Inside that directory (), you will now have the following structure of images and labels:

tree -d <DATASET-DIR>/VOC -I VOCdevkit

>    datasets/VOC
>    ├── images
>    │   ├── test2007
>    │   ├── train2007
>    │   ├── train2012
>    │   ├── val2007
>    │   └── val2012
>    └── labels
>        ├── test2007
>        ├── train2007
>        ├── train2012
>        ├── val2007
>        └── val2012

Note

Labels are not required for self-supervised pre-training. We will use the labels only for finetuning.

Inspect a few Images¶

Let’s use supervision and look at a few of the annotated samples to get a feeling of what the data looks like:

import random

import matplotlib.pyplot as plt
import supervision as sv
import yaml
from ultralytics import settings
from ultralytics.data.utils import check_det_dataset

dataset = check_det_dataset("VOC.yaml")

detections = sv.DetectionDataset.from_yolo(
    data_yaml_path=dataset["yaml_file"],
    images_directory_path=f"{settings["datasets_dir"]}/VOC/images/train2012",
    annotations_directory_path=f"{settings["datasets_dir"]}/VOC/labels/train2012",
)

with open(dataset["yaml_file"], "r") as f:
    data = yaml.safe_load(f)

names = data["names"]

box_annotator = sv.BoxAnnotator()
label_annotator = sv.LabelAnnotator()

fig, ax = plt.subplots(2, 2, figsize=(10, 10))
ax = ax.flatten()

detections = [detections[random.randint(0, len(detections))] for _ in range(4)]

for i, (path, image, annotation) in enumerate(detections):
    annotated_image = box_annotator.annotate(scene=image, detections=annotation)
    annotated_image = label_annotator.annotate(
        scene=annotated_image,
        detections=annotation,
        labels=[names[elem] for elem in annotation.class_id],
    )
    ax[i].imshow(annotated_image[..., ::-1])
    ax[i].axis("off")

fig.tight_layout()
fig.show()

VOC2012 Training Samples

Pre-train and Fine-tune¶

We will use lightly-train to pre-train a YOLO11 model using self-supervised learning.

The following scripts or CLI commands will:

Initialize a YOLO11s model with random weights.
Pre-train the YOLO11s model on the training images of PASCAL VOC using distillation pretraining.
Export the pre-trained YOLO11s model.
Fine-tune the pre-trained model on PASCAL VOC dataset using labels, and evaluate its performance.

Python

# pretrain_yolo.py
import lightly_train
from ultralytics import settings

data_path = f"{settings["datasets_dir"]}/VOC/images/train2012"
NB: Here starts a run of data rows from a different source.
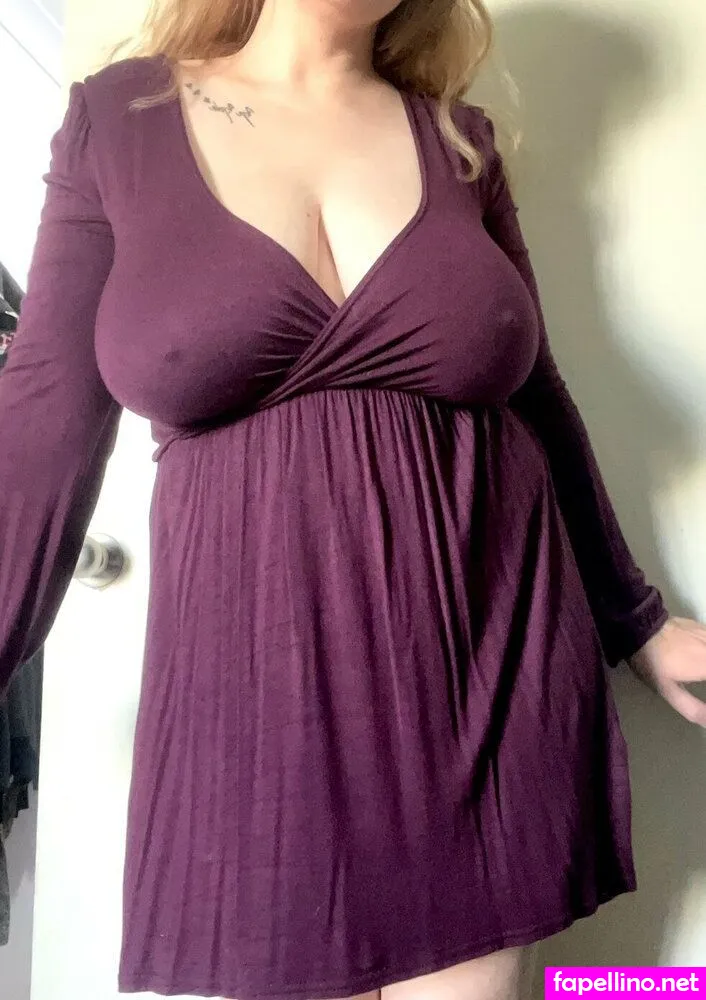 lilybustyxxxx Nude Leaked OnlyFans Photo #5cflHsZayq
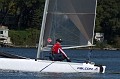 IMG_1250_7D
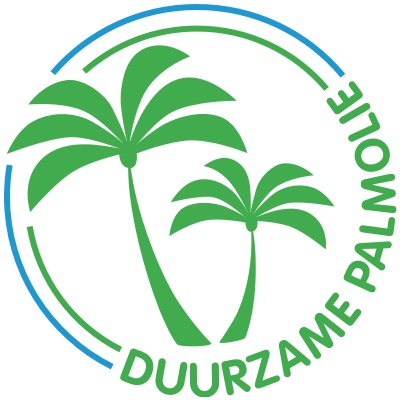Duurzame palmolie
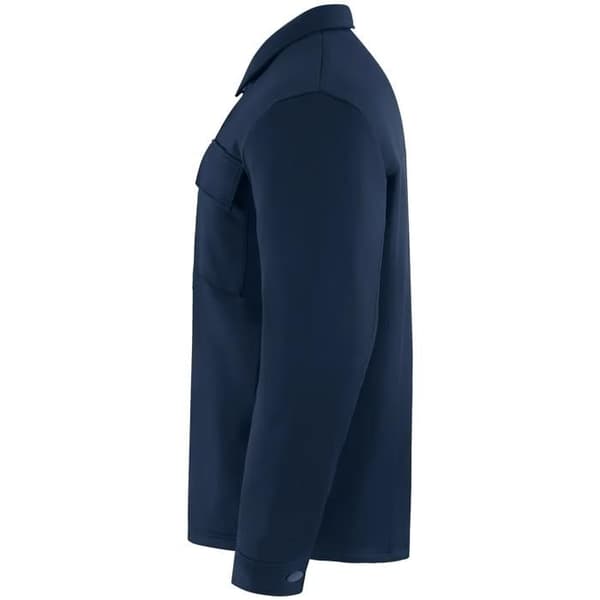 Jako Wardrobe skjorta Marin S
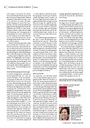 carelit_205018_3.jpg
if __name__ == "__main__":
    # Pre-train with lightly-train.
    lightly_train.train(
        out="out/my_experiment",            # Output directory.
        model="ultralytics/yolo11s.yaml",   # Pass the YOLO model.
        data=data_path,                     # Path to a directory with training images.
        epochs=100,                         # Adjust epochs for faster training.
        batch_size=64,                      # Adjust batch size based on hardware.
    )

# finetune_yolo.py

from ultralytics import YOLO

if __name__ == "__main__":
    # Load the exported model.
    model = YOLO("out/my_experiment/exported_models/exported_last.pt")

    # Fine-tune with ultralytics.
    model.train(data="VOC.yaml", epochs=100)

Command Line

lightly-train train out="out/my_experiment" data="<DATASET-DIR>/VOC/images/train2012" model="ultralytics/yolo11s.yaml" epochs=100 batch_size=64

yolo detect train model="out/my_experiment/exported_models/exported_last.pt" data="VOC.yaml" epochs=100

Congratulations! You have successfully pre-trained a model using lightly-train and fine-tuned it for object detection using ultralytics.

For more advanced options, explore the Python API and Ultralytics documentation.

Next Steps¶

Go beyond distillation pretraining and experiment self-supervised learning methods in lightly-train, such as DINO or SimCLR.
Try various YOLO models (YOLOv5, YOLOv6, YOLOv8).
Use the pre-trained model for other tasks, like image embeddings.